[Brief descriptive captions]
+===+
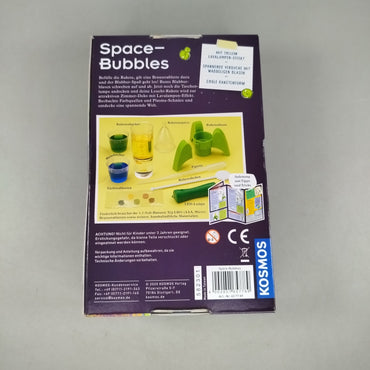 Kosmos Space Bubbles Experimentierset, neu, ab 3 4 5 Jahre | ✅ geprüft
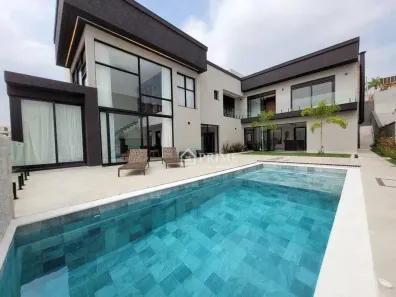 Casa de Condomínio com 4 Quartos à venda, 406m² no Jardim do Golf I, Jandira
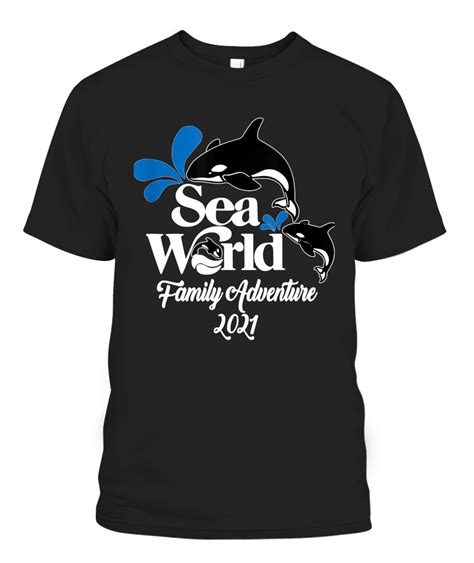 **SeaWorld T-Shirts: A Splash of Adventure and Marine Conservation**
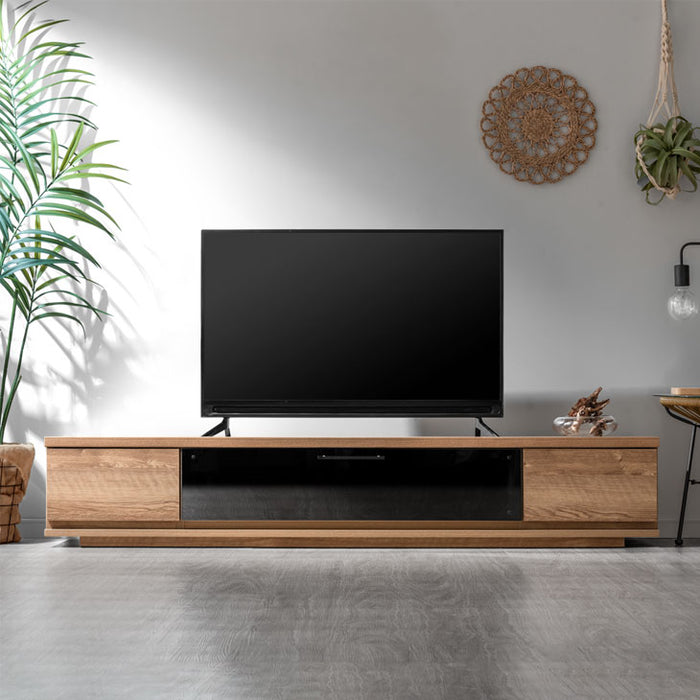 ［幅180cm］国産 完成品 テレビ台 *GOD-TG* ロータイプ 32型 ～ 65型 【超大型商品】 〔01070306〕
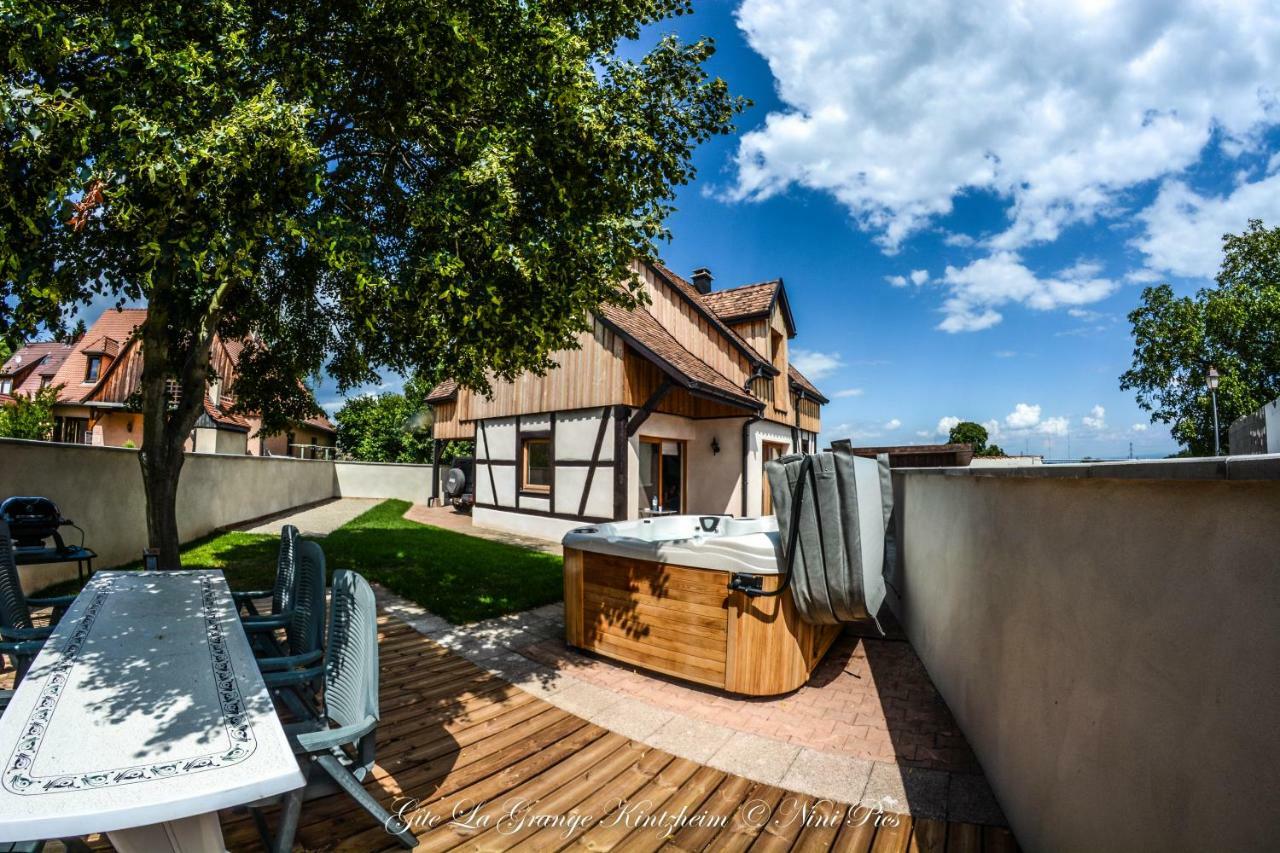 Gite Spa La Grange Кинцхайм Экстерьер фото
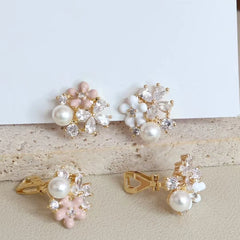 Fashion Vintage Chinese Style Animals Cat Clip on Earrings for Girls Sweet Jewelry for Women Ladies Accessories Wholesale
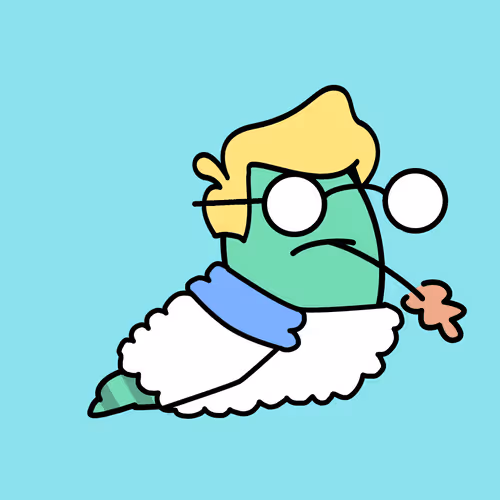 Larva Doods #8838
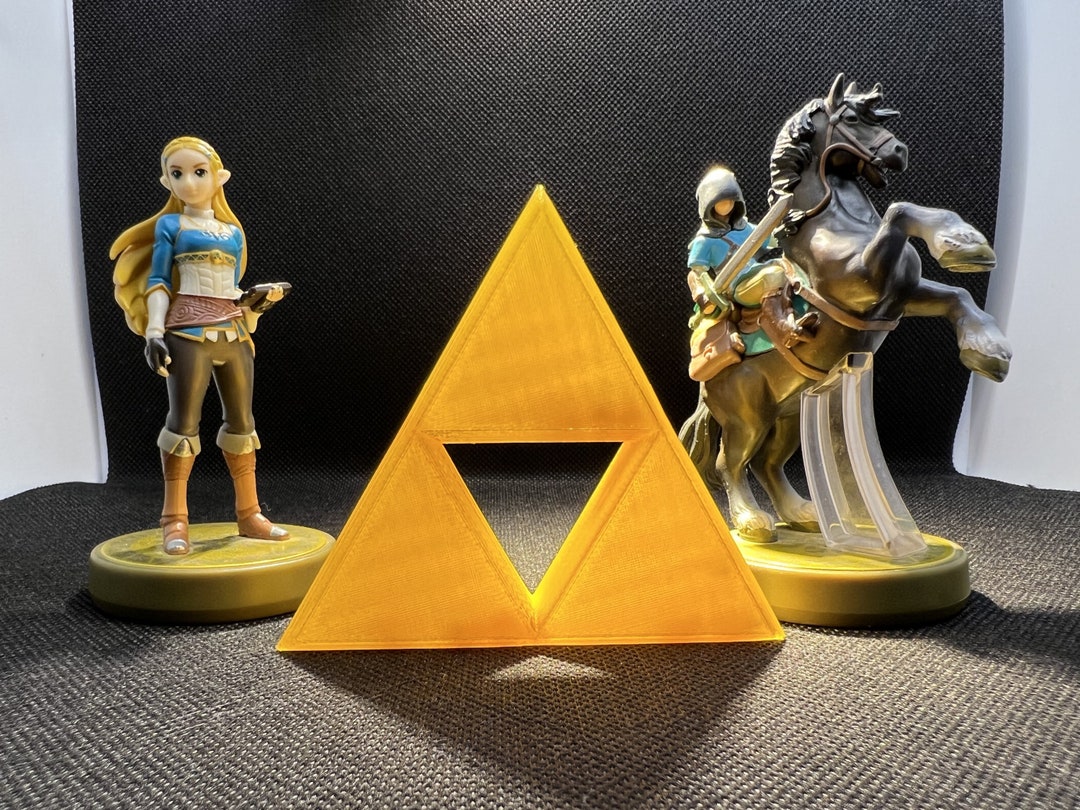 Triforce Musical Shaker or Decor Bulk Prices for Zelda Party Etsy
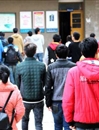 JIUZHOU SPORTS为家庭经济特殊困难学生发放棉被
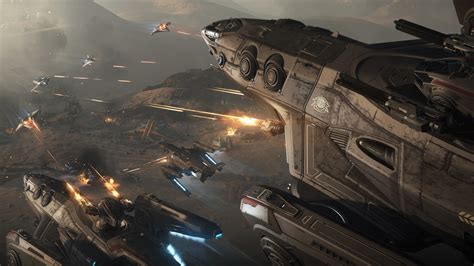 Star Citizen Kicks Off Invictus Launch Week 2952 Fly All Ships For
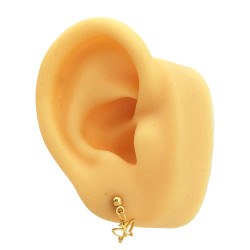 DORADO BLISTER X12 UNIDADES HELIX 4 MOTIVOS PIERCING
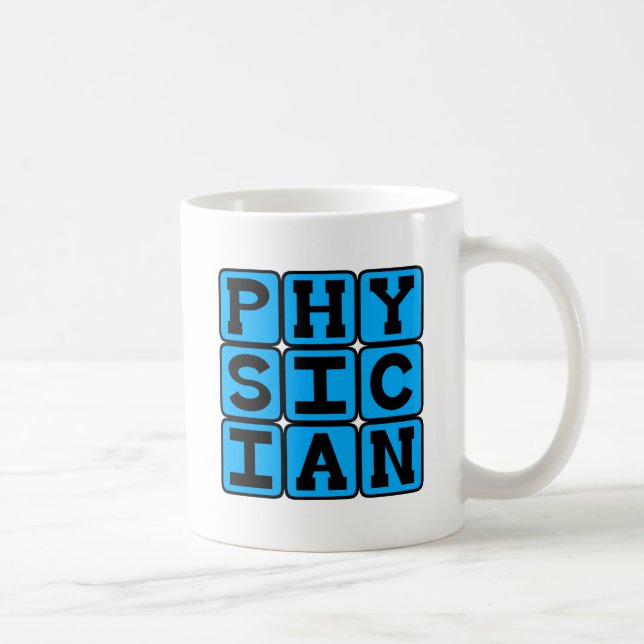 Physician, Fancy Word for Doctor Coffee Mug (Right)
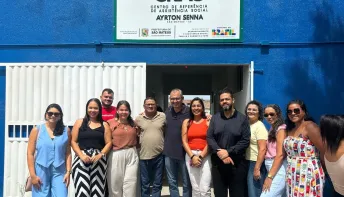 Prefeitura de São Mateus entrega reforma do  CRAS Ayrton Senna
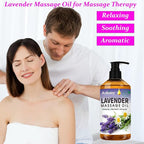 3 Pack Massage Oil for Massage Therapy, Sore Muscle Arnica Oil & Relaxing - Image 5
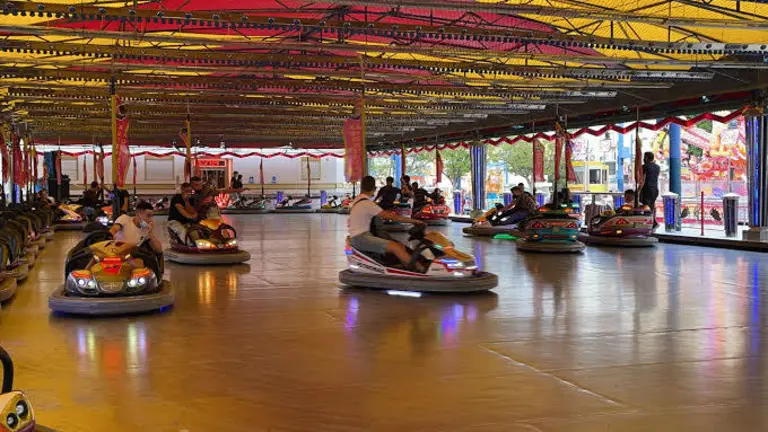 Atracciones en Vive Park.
+===+
» **WORK REQUEST**:
Give the lines again exactly, beginning with the first line of the records above and ending with the line that contains "Gite Spa La Grange Кинцхайм Экстерьер фото", and include no pictures.

» **EXERCISE RESPONSE**:
 Kosmos Space Bubbles Experimentierset, neu, ab 3 4 5 Jahre | ✅ geprüft
 Casa de Condomínio com 4 Quartos à venda, 406m² no Jardim do Golf I, Jandira
 **SeaWorld T-Shirts: A Splash of Adventure and Marine Conservation**
 ［幅180cm］国産 完成品 テレビ台 *GOD-TG* ロータイプ 32型 ～ 65型 【超大型商品】 〔01070306〕
 Gite Spa La Grange Кинцхайм Экстерьер фото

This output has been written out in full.